One of the most promising design tools for such semi-autonomous systems is passivity, as confirmed in the history of a traditional semi-autonomous robot control problem, bilateral teleoperation [2]-[12]. In this research field, the human operator has been treated as a passive component and then control architectures have been established while ensuring closed-loop stability based upon this assumption. This paradigm has also been taken in teleoperation of multiple networked robots [2]–[4]. Rodriguez-Seda et al. [2] present an architecture such that the robotic network is controlled by operating a leader robot so that the robots forms a specified formation while avoiding collisions. Liu [3] extends motion synchronization on the joint space to the task space under time-varying delays. Fully distributed control algorithms are presented by Franchi et al. [4], where stability is ensured in the presence of split and join events. Other interesting extensions of bilateral teleoperation are presented in [5] and [6]. Varnell and Zhang [5] employ a non-classical human-robot interfaces, namely a tablet, and discuss the stability while assuming a human pointing model. Saeidi et al. [6] introduce the notion of robot-to-human trust and mixed initiative control scheme in order to improve the performance and reduce workload of the operator.

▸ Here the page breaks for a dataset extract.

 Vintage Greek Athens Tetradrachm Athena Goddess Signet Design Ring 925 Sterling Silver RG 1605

While the above papers consider robot dynamics together with force feedback, the authors [13, 14] studied another problem formulation focusing on interactions between a human operator and kinematic robots as in [15, 16]. The schematic of the intended system is illustrated in Fig. 1. Then, we investigated motion synchronization of robots to human references under distributed information exchange between the human and robots, and among robots. To this end, we presented a novel passivity-based control architecture and proved synchronization under explicit bilateral connections between the human and robotic network. For implementation on real robotic systems, both the human-robotic network and inter-robot interactions must be implemented using appropriate communication technology. In this case, the communication channels may suffer from delays in the transmission of information, which is indeed one of the most important issues in bilateral teleoperation. However, [13, 14] did not address this issue explicitly.

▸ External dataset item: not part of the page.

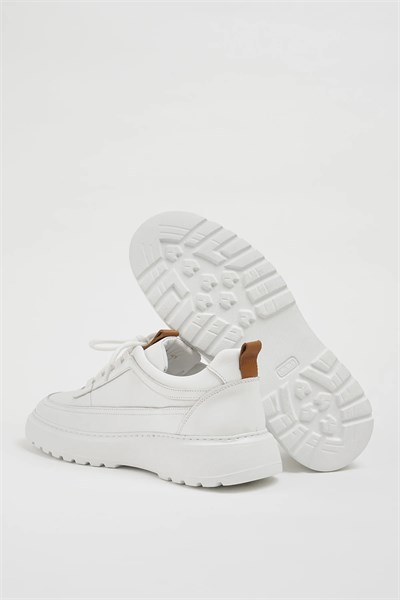 Zodiac Model Hakiki Natural Deri Eva Taban Sneaker Ayakkabı - BEYAZ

Our objective is thus to extend the results of [13, 14] to the case with time delays and its experimental studies. Although both the human-robotic network and inter-robot communications may have delays, this paper investigates the latter since this issue emerges in the one-human-multiple-robot interactions while the former has been in-depth studied in bilateral teleoperation. Delays in inter-robot communications have been extensively studied in the field of cooperative control (See [7] and references therein). Among many approaches, this paper focuses on the scheme presented in [7], and synchronization is guaranteed despite the delays. In this paper, the control architecture in [7] is shown to be successfully integrated with the cooperative control for human-robotic networks presented in [13, 14]. However, the integration is not straightforward and requires novel technical extensions in the formulation and this is presented in this paper. Furthermore, as pointed out in [17], real deployments of robotic network is important from the viewpoint of difficulties to simulate each intended task and situation faithfully. Therefore, we investigate our proposed architecture in a testbed and show the influences of communication delays not only on a robotic network but also on a real human’s behaviour.
The organization of this paper is as follows: Section II presents the intended problem and briefly reviews the results of [13, 14]. In Section III, we design a novel control architecture based on the scattering transformation [7], and then, show passivity of the resulted system. We also show position synchronization to the reference values in Section IV. We demonstrate our results through experiments in Section V, and finally, summarize the obtained results in Section VI.
II Problem Setting
In this section, we start by reviewing the problem formulation and results presented in [13, 14]. Please refer to [13, 14] for more details.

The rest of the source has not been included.